Dieses Überlebensprogramm ist nicht nur in Extremfällen aktiv, in denen es Kinder mit psychisch auffälligen Eltern zu tun haben und aus reinem Selbsterhaltungstrieb lernen, die Stimmungen der Erwachsenen zu erspüren und möglichst unauffällig zu bleiben. Nein, es steckt in uns allen. Allein wäre kein Kind überlebensfähig. Also versuchen wir instinktiv, uns mit den Eltern gutzustellen.

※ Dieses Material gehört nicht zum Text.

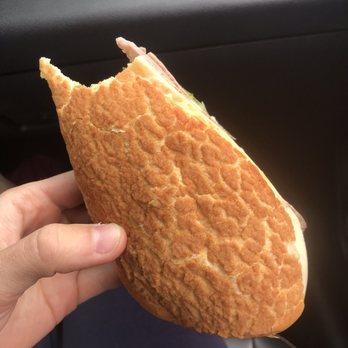 Big Sur Deli - Dutch Crunch bread from a premade sandwich - Delis Near Me - Big Sur, California Big Sur Deli - Dutch Crunch bread from a premade sandwich - Delis Near Me - Big Sur, California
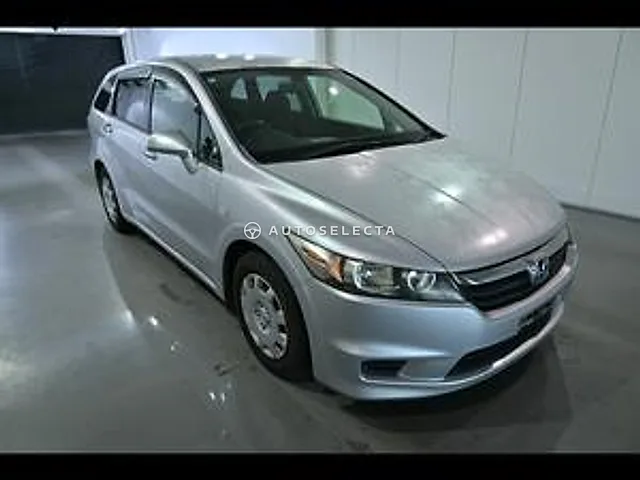 Honda Stream 2008, auction grade 3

Wenn die Eltern ihren Erziehungsauftrag so verstehen, dass sie ihre Kinder auf ein Erwachsenenleben vorbereiten, in dem sie allein gut klarkommen, ist alles paletti. Wer Kinder nur zum Brav sein abrichtet, hat’s vielleicht einfacher und erntet Bewunderung für die artigen Kleinen, aber er/sie erzieht People Pleaser, die nicht für sich und ihre Meinung einstehen können und bis zur Erschöpfung und Selbstaufgabe versuchen werden, die Bedürfnisse anderer zu erfüllen. Was zum Scheitern verurteilt ist.

Eltern, die so etwas tun, wird vermutlich auch das Ergebnis ihrer Erziehung kaltlassen. Aber was, wenn du selbst ein Opfer dieser Erziehungsmethoden geworden bist und dich in den sehr lebendig und unterhaltsam geschilderten Fallbeispielen wiedererkennst? Und wenn du aus dem „Bravheitstest“ auf den Seiten 56/57 als astreiner People Pleaser hervorgehst? – Tja, dann hast du ein Verhalten erlernt, das dir nicht guttut!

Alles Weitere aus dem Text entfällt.